The two economists were reacting to the decision of Ontario’s premier-elect to end cap-and-trade. Some inflammatory comments about "rip-offs" were noted; what was missing is that it was actually stated cap-and-trade would be ended in Ontario because it doesn’t work. But is this true? Given carbon-pricing arrangements as currently established by the federal government, a surprising answer emerges.
It is increasingly evident that Canada will never meet its stated reduction commitment on greenhouse gas emissions by 2030, as required under the Paris agreement. The federal carbon price is just far too low. This has been known for some time in considering a carbon tax. Although it’s buried in an archive, it is still possible to access the final report of the Working Group on Carbon Pricing Mechanisms under the Pan-Canadian Framework.
This 2016 report clearly shows even if a higher carbon tax of $90 per tonne is used, Canada will not come even close to its target. Similarly, on cap-and-trade, a recent report by the Montreal Economic Institute suggests a much higher permit price is required for that approach to work.

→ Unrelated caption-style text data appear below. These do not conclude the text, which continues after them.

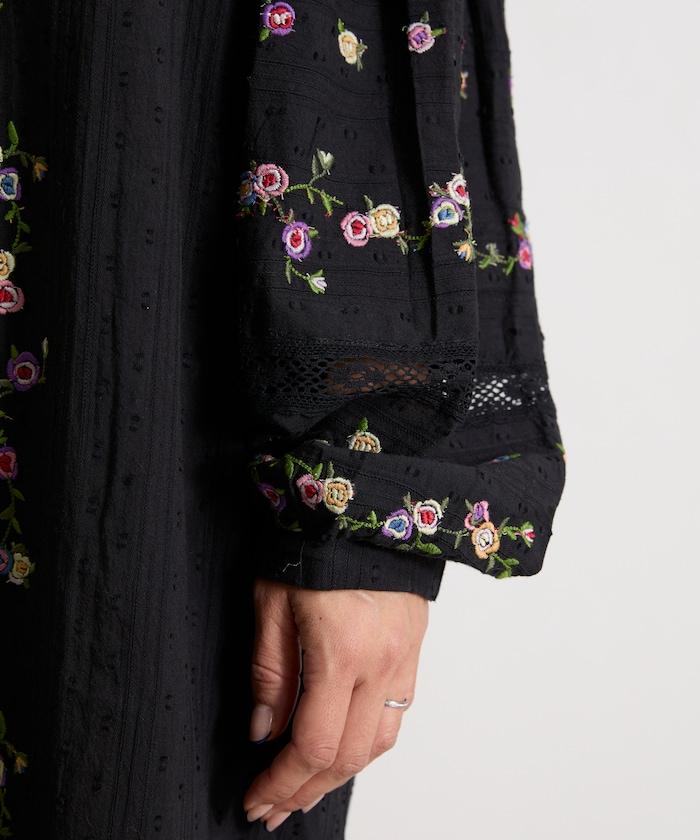 花刺繡蕾絲 多比面料 連衣裙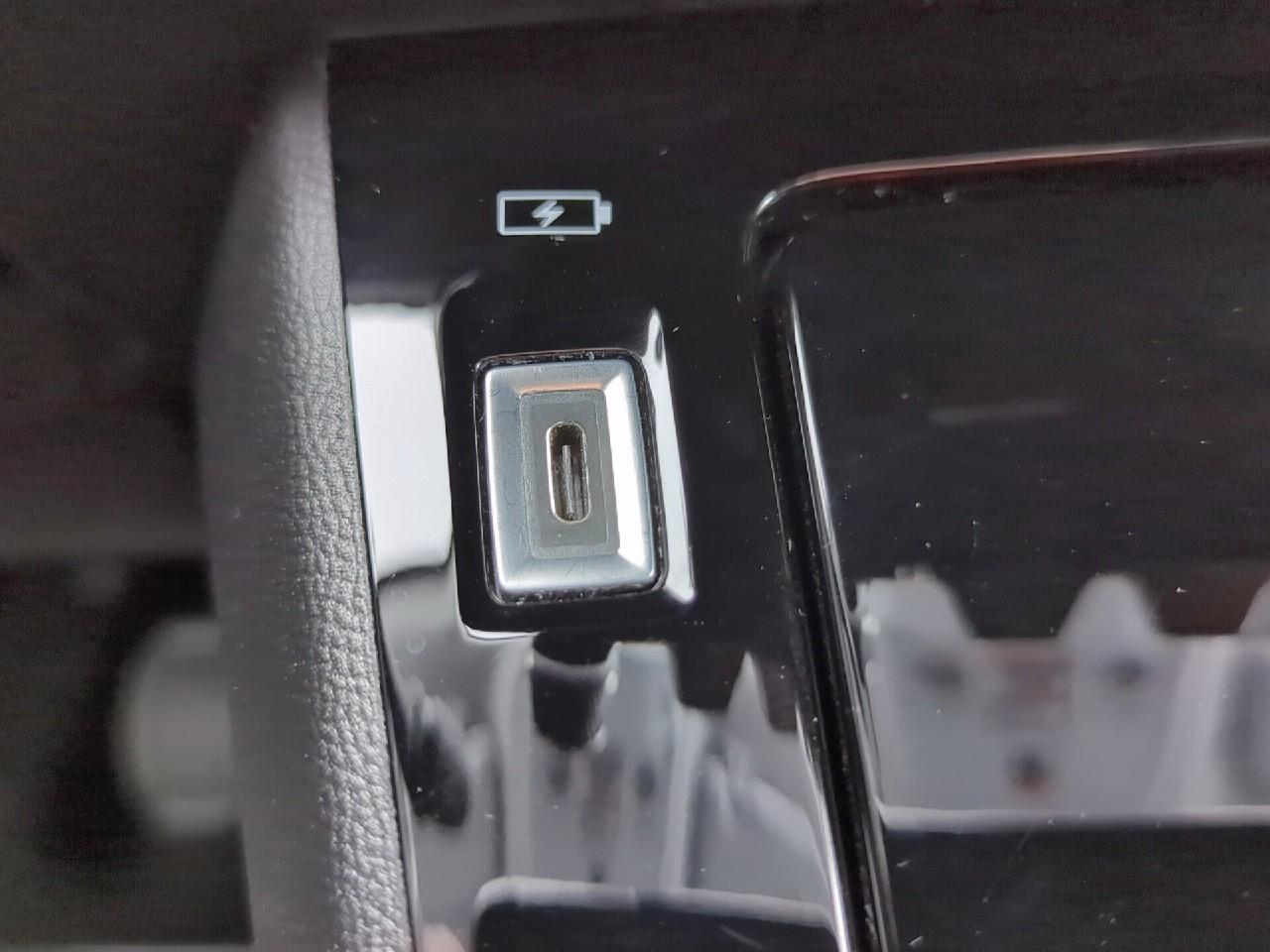Peugeot 2008 puretech 130 s&s bvm6 allure — photo 26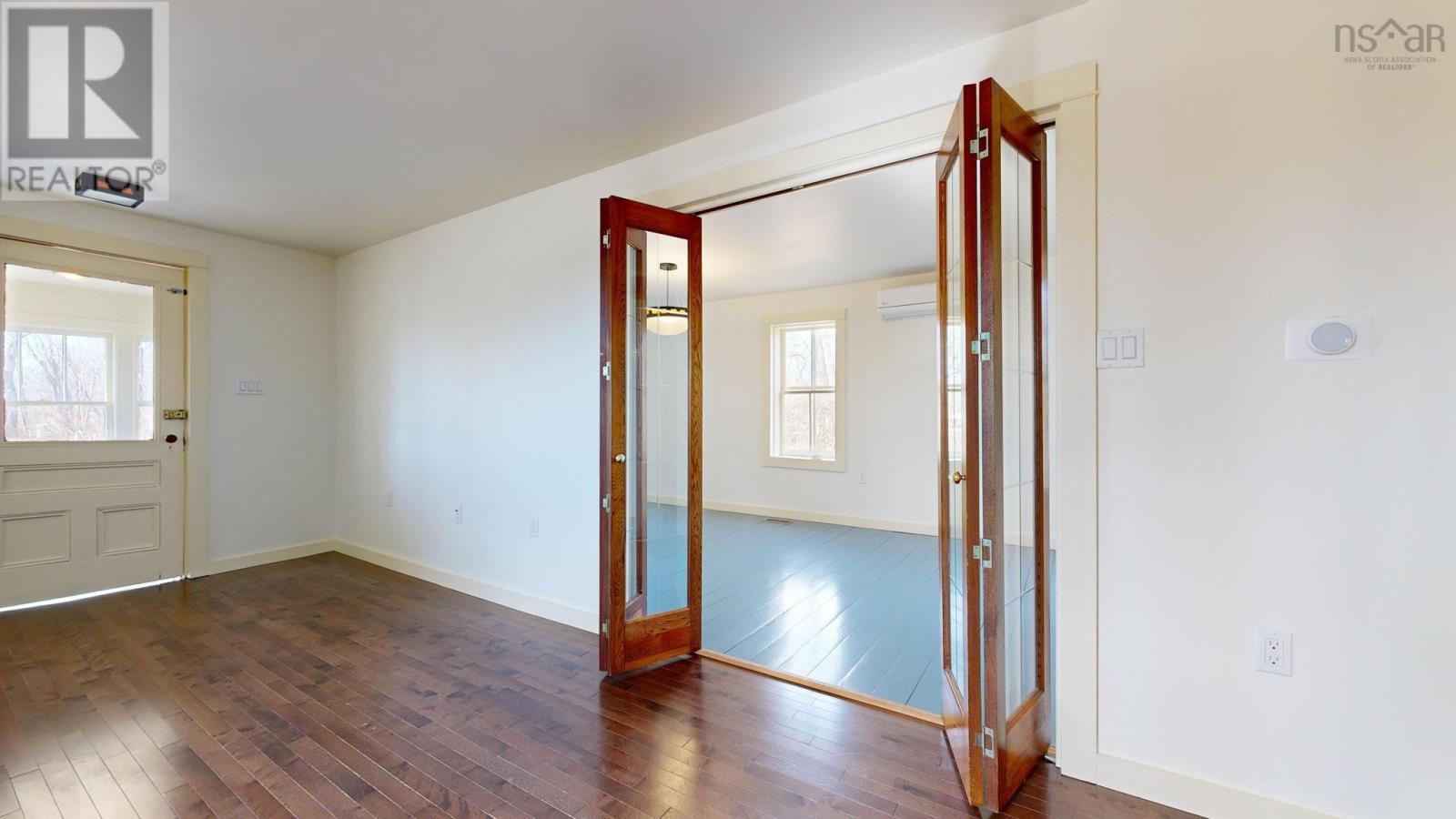 62 Chapel Street Property Photo 23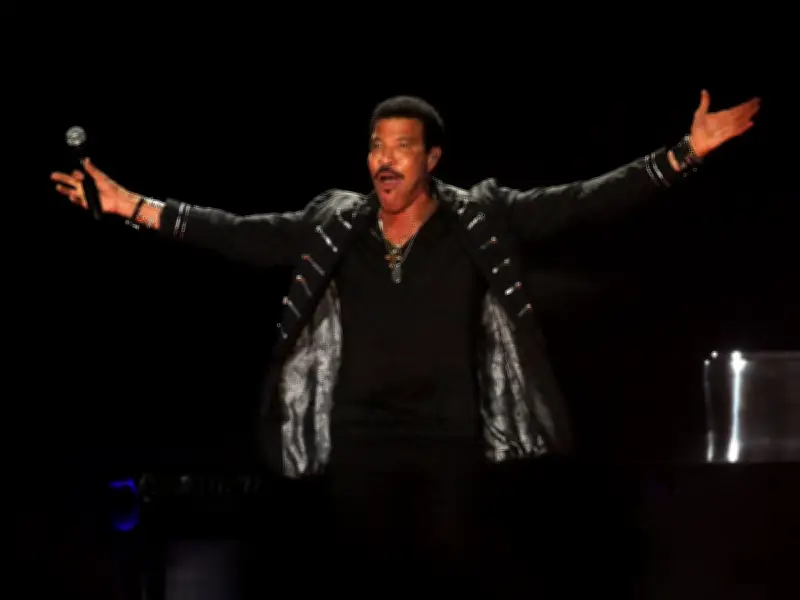 Lionel Richie Health Scare: Dizzy Spell Ends Concert Early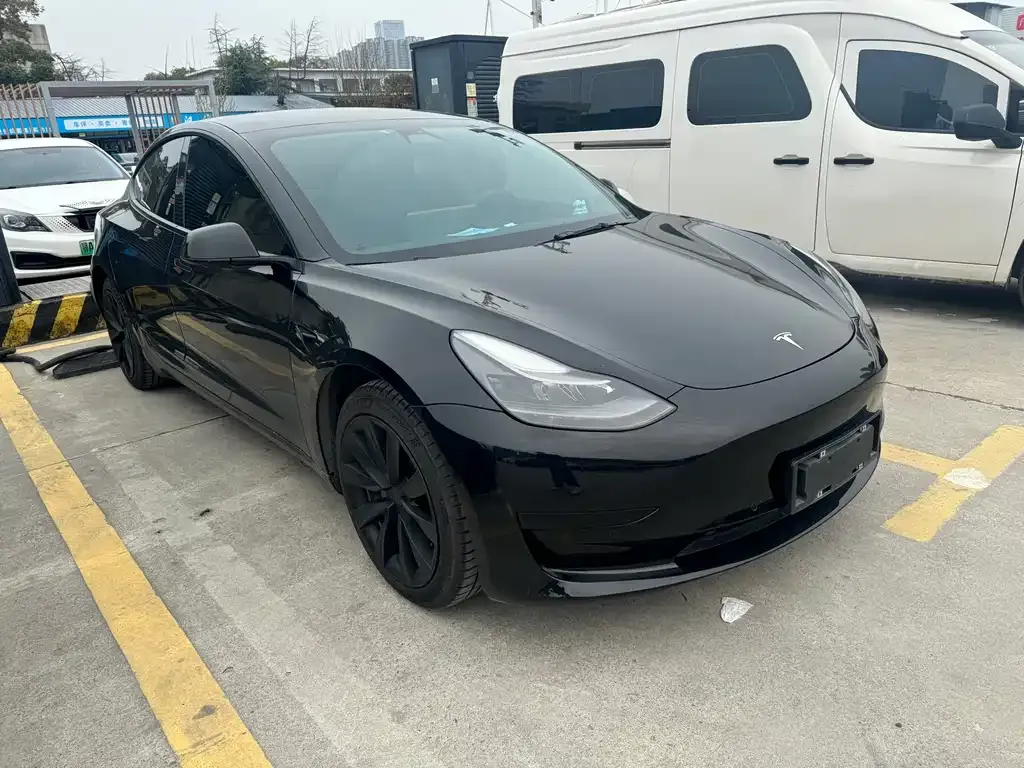 Tesla Model 3 — фото 4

Further evidence comes directly from British Columbia itself, the poster child for carbon taxes, which were implemented there in 2008. While sophisticated econometric analyses suggest carbon taxation is effective, I looked instead at the end result, the emissions. These are publicly tabulated each year for each jurisdiction across Canada as part of the National Inventory Report.
Conveniently, Environment Canada includes a subcategory called "energy," which involves primarily the sum of emissions from liquid fossil fuels, natural gas and any fuels used in electricity generation — in other words, the items applicable for carbon pricing.
In looking at data from 2005 through 2015, total energy emissions in British Columbia remained very steady, with no upward or downward trend over time. Energy emissions averaged 50.5 megatonnes per year (plus or minus 2.4 per cent), not much change. It can be argued carbon taxes prevented emissions from rising, but they certainly did not drop. In other words, in the long run, carbon taxes, at the relatively low prices employed, have not successfully brought down emissions.
Interestingly, Ontario is not the only province to balk on carbon pricing. Earlier, Prince Edward Island released its carbon plan, which includes no price. P.E.I. reiterated a key point which was also made by Manitoba, questioning whether federal plans are really about reducing emissions or raising taxes. Legitimate alternative approaches do exist.
Frictions with the federal government are building here already, given Manitoba’s intent to maintain a constant price of $25 per tonne, while the federal government wants it higher, up to $50 per tonne. On this, students from my class recently confirmed a valid compromise to address a looming confrontation. Manitoba has, for some time, been a leader, with much higher biofuels content requirements than the national standard. The extra biofuels incrementally offset other fossil fuels, which can be translated to the equivalent price level of a carbon tax required to achieve the same reduction.
Further, the students found the equivalent prices for extra biofuels to be at least $25 per tonne or more, meaning the price gap can be easily met. We hope to have these results printed by the fall.
Unfortunately, federal plans on emission reductions appear to consist of few real actions and mostly just talk. Of greatest concern is the constant casting of blame by the federal government at others, including provinces and former prime minister Stephen Harper. This is not helpful, and is disingenuous. Around 2010, Harper’s government implemented the Renewable Fuels Regulations, which have resulted in significant emission reductions in the range of four to six megatonnes annually. Credit needs to be given where it is due.
Further, while the Conservatives certainly have been favourable to resource development (where properly managed), they never stooped to buying pipelines.
There are harsh realities associated with emission reductions, none of which have been openly acknowledged by the federal government. Emission reductions are hard, and can involve painful changes. Carbon pricing disproportionately impacts low- and fixed-income Canadians. It is indeed emission reductions that count in the end, and pricing is just one tool to get there.
Robert Parsons teaches sustainability economics to MBA students at the I.H. Asper School of Business, University of Manitoba.